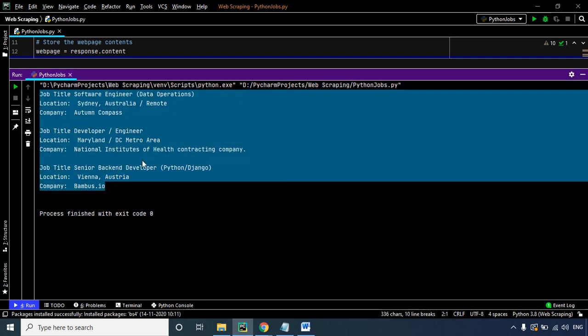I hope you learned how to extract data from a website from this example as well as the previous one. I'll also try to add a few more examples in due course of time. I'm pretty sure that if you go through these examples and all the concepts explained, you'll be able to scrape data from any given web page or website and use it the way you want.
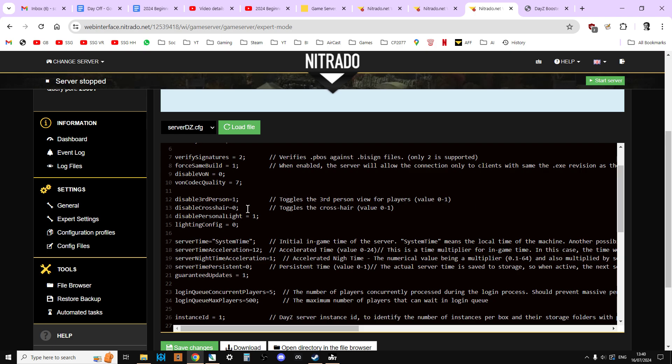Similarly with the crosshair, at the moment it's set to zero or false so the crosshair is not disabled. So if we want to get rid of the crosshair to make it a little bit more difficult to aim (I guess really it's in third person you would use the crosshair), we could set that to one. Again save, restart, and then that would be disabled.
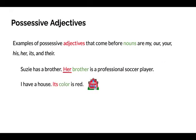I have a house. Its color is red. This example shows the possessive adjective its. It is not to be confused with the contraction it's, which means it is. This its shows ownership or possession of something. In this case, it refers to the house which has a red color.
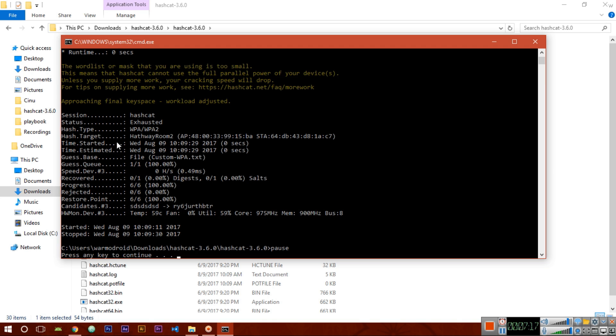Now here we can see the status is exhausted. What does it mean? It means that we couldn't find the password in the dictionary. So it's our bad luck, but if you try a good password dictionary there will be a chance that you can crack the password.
────────────────────────────────────────
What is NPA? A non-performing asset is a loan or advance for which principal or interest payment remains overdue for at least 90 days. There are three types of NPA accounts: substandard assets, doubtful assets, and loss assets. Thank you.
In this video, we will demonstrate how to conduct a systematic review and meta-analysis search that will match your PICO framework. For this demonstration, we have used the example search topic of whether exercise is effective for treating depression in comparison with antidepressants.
────────────────────────────────────────
With the pictures left out, write out exactly the lines above from the one containing "Similarly with the" through the one containing "Now here we".

## SOLUTION FOR THIS EXERCISE
Similarly with the crosshair, at the moment it's set to zero or false so the crosshair is not disabled. So if we want to get rid of the crosshair to make it a little bit more difficult to aim (I guess really it's in third person you would use the crosshair), we could set that to one. Again save, restart, and then that would be disabled.
I have a house. Its color is red. This example shows the possessive adjective its. It is not to be confused with the contraction it's, which means it is. This its shows ownership or possession of something. In this case, it refers to the house which has a red color.
Now here we can see the status is exhausted. What does it mean? It means that we couldn't find the password in the dictionary. So it's our bad luck, but if you try a good password dictionary there will be a chance that you can crack the password.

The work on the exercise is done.